The queen vetoed the bill, in line with her policy of religious tolerance (though Catholics remained on the naughty list):

“And yet at last when it was agreed on by both the said Houses, it was dashed by Her Majesty at the last day of this Parliament, . . . that she would suffer nothing to be altered in matter of Religion or Ecclesiastical Government.

The Puritans who yearned for this strict Sabbath observance were not a separate denomination, but a movement within the Church of England that sought to purge the church of its Roman Catholic roots. Puritans were vocal and refused to compromise their beliefs.

Nicholas Bownde’s scholarly book True Doctrine of the Sabbath, published in 1595, urged Christians to sanctify the Sabbath as a day of meditation and spiritual exercises (morning and afternoon preaching services). These Sabbaths were meant to follow the Old Testament scriptures about keeping the Sabbath holy by not working or “doing your own pleasure,” as a moral imperative. Sabbaths were to be solemn and sober, with no secular speech or acts.
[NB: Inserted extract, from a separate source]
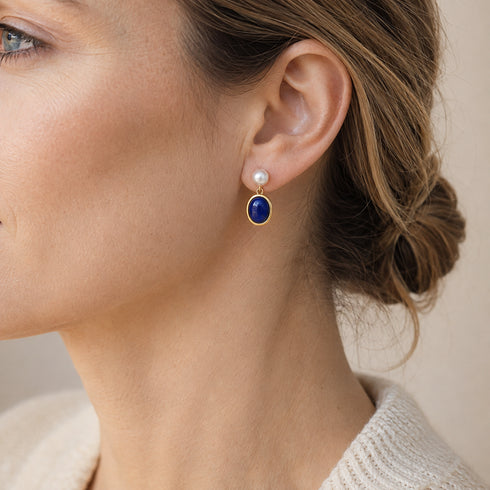 Dark Blue Lapis Lazuli and Pearl Drop Earrings, gold setting, House Of Pearls - LXP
Queen Elizabeth and the archbishop of Canterbury decreed that copies of Bownde’s book be collected and burned in 1600 and 1601.

In 1601 the House of Commons passed a bill that restricted markets and fairs on Sundays, but allowed other secular activities. The House of Lords killed it.

When Queen Elizabeth died two years later, and King James I came to the throne, his authority was threatened by Puritans and other Calvinist dissenters (such as the group that became the Pilgrims), whose influence was growing ever stronger and whose sermons and pronouncements conflicted with his authority.

Keeping the Sabbath Holy

One of James’s first acts was to commission a new version of the Bible that stressed the sovereignty of God and the hierarchy of worldly kings and princes. The Authorized (or King James) Version was published in 1611. Puritans hated it, preferring their 1560 Geneva Bible, with its commentary, illustrations, hatred of the Roman Catholic Church (In the Geneva Bible, Revelation 11:7 specifically named the beast as the pope.), and elevation of common humanity.

Their continued agitation all over England earned them the name “dissenters.”

In 1617-1618 the king went on a progress (on tour) through the country, holding courts and meeting his subjects. One of the complaints he heard was that the usual workweek being Monday through Saturday from dawn to dusk, people needed at least a half day for recreation, markets, fun fairs, visiting family, and the like. The Puritans were preventing that by holding two long services on Sunday.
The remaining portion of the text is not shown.